## EXERCISE DESCRIPTION
Would you print the data below exactly, leaving out every picture?
**** GIVEN DATA ****
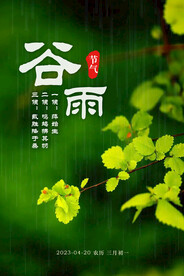 谷雨 节气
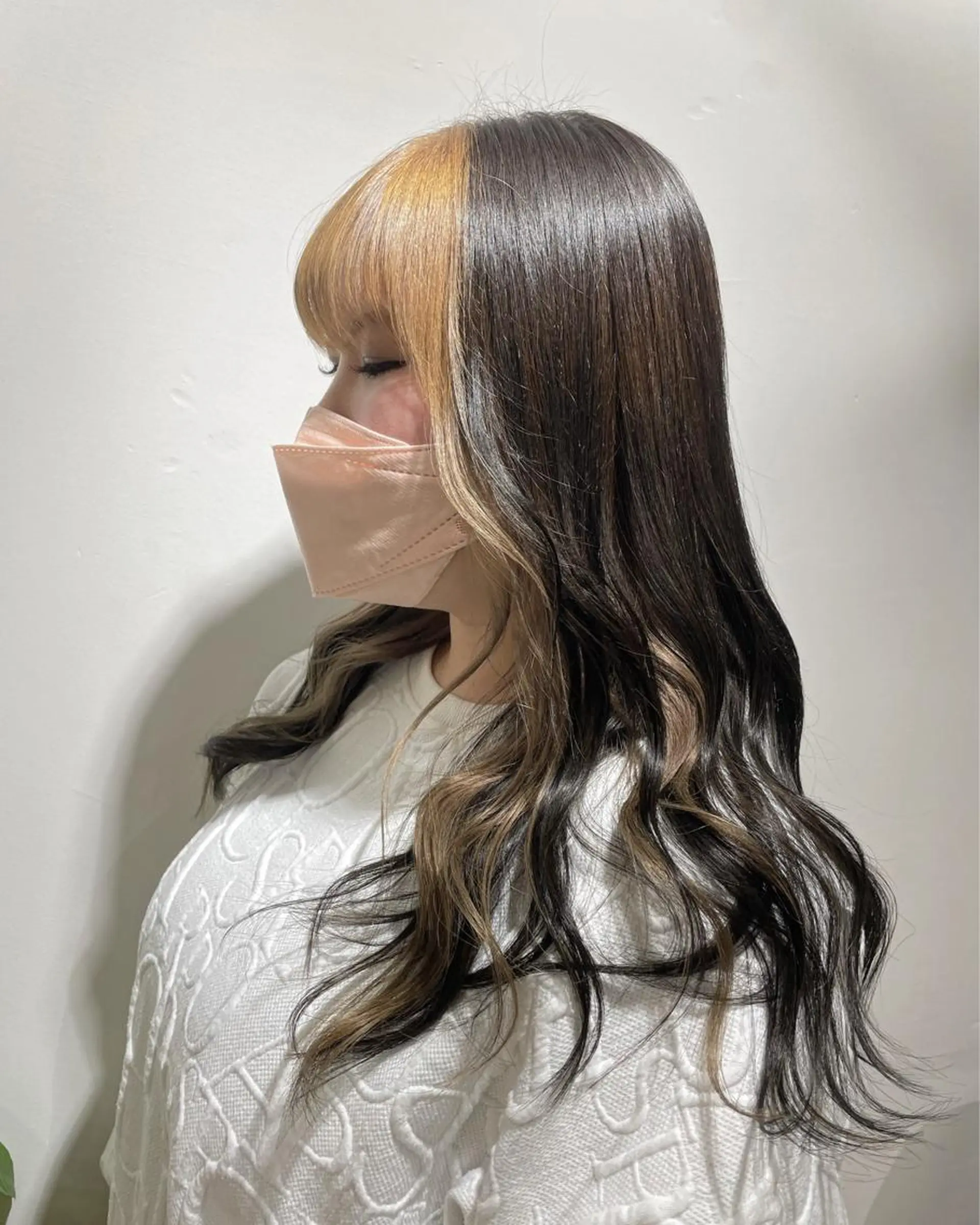 カラー ミストバング  フェイスフレーミング 髪質改善サロンulu hair 　MAOのヘアスタイル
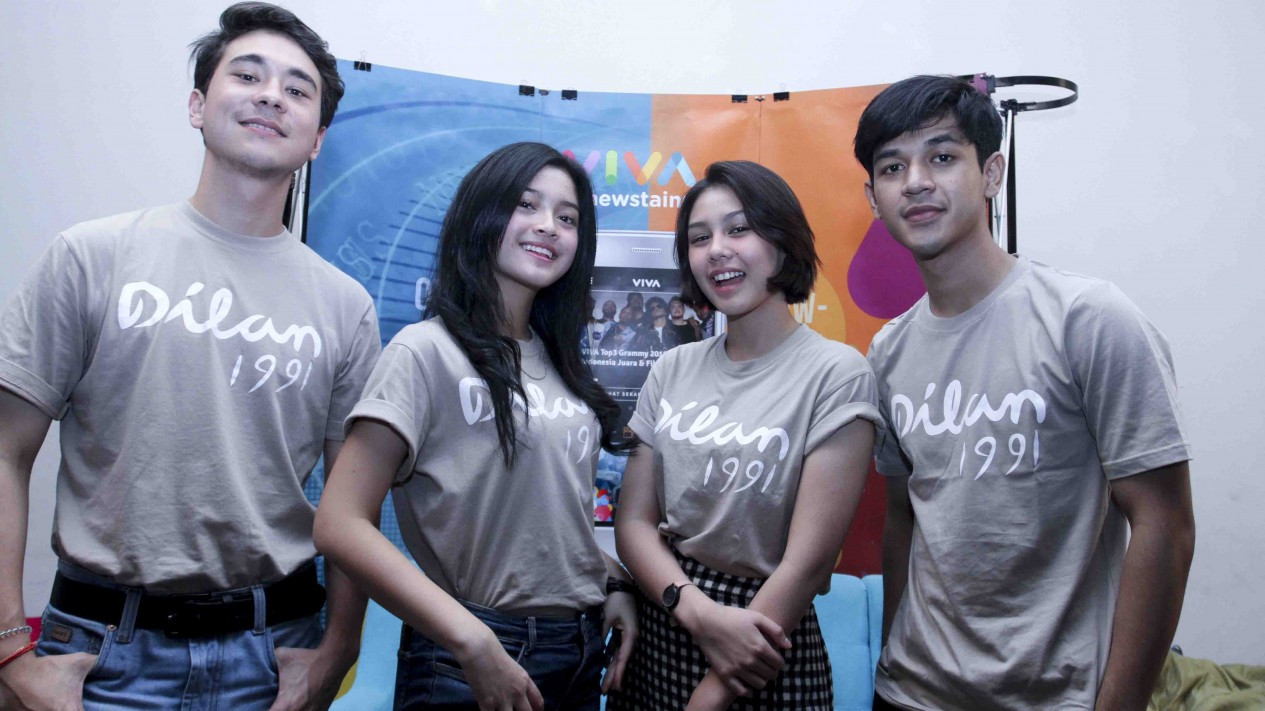 Meriahnya Para Pemain Film Dilan 1991 saat Kunjungi VIVA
****
## YOUR RESPONSE
 谷雨 节气
 カラー ミストバング  フェイスフレーミング 髪質改善サロンulu hair 　MAOのヘアスタイル
 Meriahnya Para Pemain Film Dilan 1991 saat Kunjungi VIVA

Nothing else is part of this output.